Future needs of LIS/LAS interfaces for full process control
As the future of LAS systems begins to unfold, the need for full process control in the clinical laboratory will become an important objective. Full process control will involve the scheduling of both machines and human resources. Thus, to fully control the laboratory process, the LAS process controller computers will need information regarding workload projections and workforce availability that can be integrated into the development of an optimal scheme for scheduling of laboratory equipment and personnel. This information is presently available only from diverse information systems including the hospital information system, the clinic or institutional patient scheduling system, the personnel management system, and the laboratory information system. The collection of this information with a large enough time window to allow the process controller to optimize resource schedules will present many challenges, and, optimization software for the LAS process controller that integrates the data from these diverse information sources into an optimal plan for laboratory resource scheduling will need to be evolved.
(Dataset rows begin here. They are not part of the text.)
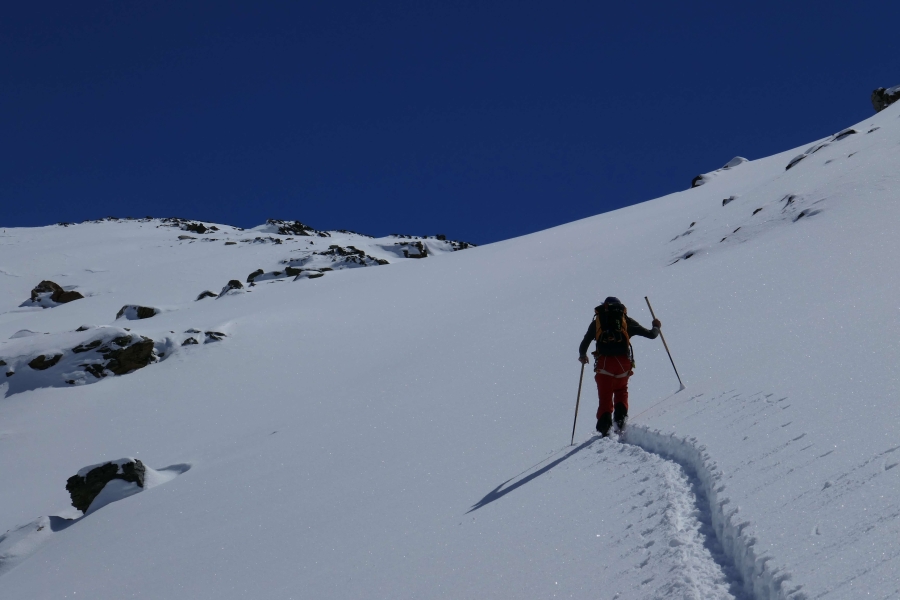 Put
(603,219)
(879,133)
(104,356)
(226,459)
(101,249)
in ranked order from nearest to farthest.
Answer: (226,459) → (104,356) → (879,133) → (603,219) → (101,249)

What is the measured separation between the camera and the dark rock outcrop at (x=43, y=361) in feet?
71.2

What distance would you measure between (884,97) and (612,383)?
134 ft

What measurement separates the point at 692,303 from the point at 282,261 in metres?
40.3

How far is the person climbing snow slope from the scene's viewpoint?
8461mm

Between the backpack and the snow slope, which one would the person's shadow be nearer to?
the snow slope

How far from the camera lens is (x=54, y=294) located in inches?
1773

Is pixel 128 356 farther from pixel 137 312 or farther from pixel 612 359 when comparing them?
pixel 612 359

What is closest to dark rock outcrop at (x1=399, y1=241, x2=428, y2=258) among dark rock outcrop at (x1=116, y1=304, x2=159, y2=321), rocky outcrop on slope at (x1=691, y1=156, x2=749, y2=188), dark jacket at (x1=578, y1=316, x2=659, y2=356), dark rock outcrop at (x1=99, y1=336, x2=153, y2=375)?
rocky outcrop on slope at (x1=691, y1=156, x2=749, y2=188)

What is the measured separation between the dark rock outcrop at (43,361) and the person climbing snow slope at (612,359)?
19163 millimetres

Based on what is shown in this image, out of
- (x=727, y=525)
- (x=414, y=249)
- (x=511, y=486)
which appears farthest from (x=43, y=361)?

The Role of Client/Server Computer Architecture
In recent years, the development of general purpose relational database management software (RDMS) that exhibits good performance under heavy transaction loads has led to the widespread application of client/server computer architecture. The RDMS can be rapidly adapted to store needed information in a flexible format on the server. Client systems can access the database stored on the server using queries written in a structured query language (SQL). The use of SQL allows users to program client systems to address the database using their favorite commercially- available software tools. Several RDMS vendors have developed database management software that can run on a multiprocessor server. These multiprocessor configurations provide the ability to support heavy transaction loads originating from hundreds of client systems while maintaining excellent response times. Widespread implementation of client-server architecture will allow the information needs of the LAS process controller of the future to be met more easily. If the diverse information systems described above, including the LAS, the hospital information system, the clinic or institutional patient scheduling system, the personnel management system, and the laboratory information system all employ client/server architecture, each system will be able to address the other directly using SQL queries. This capability should greatly ease the difficulty of acquiring real-time information on hospital census, clinic schedules, personnel availability, and the host of other information that will be necessary for the LAS to accurately project laboratory workload and schedule system resources.